Et bien maintenant cette technologie commence à faire sens parce que ces web apps peuvent être utilisées dans différents environnements : les PWA fonctionneront bien dans un navigateur, probablement mieux sur un appareil mobile et à merveille sur un PC sous Windows 10. Et à cela il faut rajouter des spécificités techniques et plus particulièrement des fonctionnalités hors ligne sophistiquées.
Les PWA sur Windows 10
Sur Windows 10, les PWA ressembleront et fonctionneront — trait pour trait — comme de vraies applications c.-à-d. que vous ne verrez absolument rien qui ressemble de près ou de loin à une fenêtre d’un navigateur. En effet, ces PWA seront accessibles à partir du Windows Store et encapsulées via des containeurs Appx comme toute app UWP (i.e., Universal Windows Plateform) et pourront bénéficier de fonctionnalités UWP (Cf. ci-après). Pour l’utilisateur, il n’y aura aucune différence entre une PWA et une UWA (i.e., Universal Windows App). Mais en plus de tourner sous Windows 10, les PWA fonctionnent aussi dans votre navigateur et vos terminaux mobiles, s’adaptant automatiquement au format de l’écran comme un site web dit responsive. Dans les faits, les PWA se révèlent être de facto plus universelles encore que les apps UWP.

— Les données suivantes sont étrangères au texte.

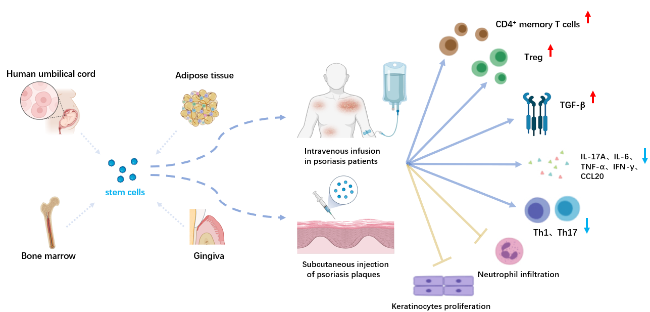 图1：干细胞在牛皮癣治疗中的应用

L’app Twitter sous Android et en tant que PWA. Laquelle est laquelle ?
Quelles fonctionnalités de Windows 10 et des apps UWP peuvent être utilisée par une PWA ?
En plus de pouvoir fonctionner hors connexion, les PWA peuvent tirer avantages des apps tournant nativement tout comme les applicatifs x86 portés en UWA via le Desktop Bridge. Au nombre de ces fonctionnalités, nous trouvons le support des notifications push et d’autres messages, le support des live tiles (i.e., les fameuses tuiles dynamiques), la synchronisation en tâche de fond, les changements d’état offline/online, les permissions, le support des interfaces tactiles et du stylo digitaliseur, la gestion du clipboard c.-à-d. du copier-coller et bien plus encore.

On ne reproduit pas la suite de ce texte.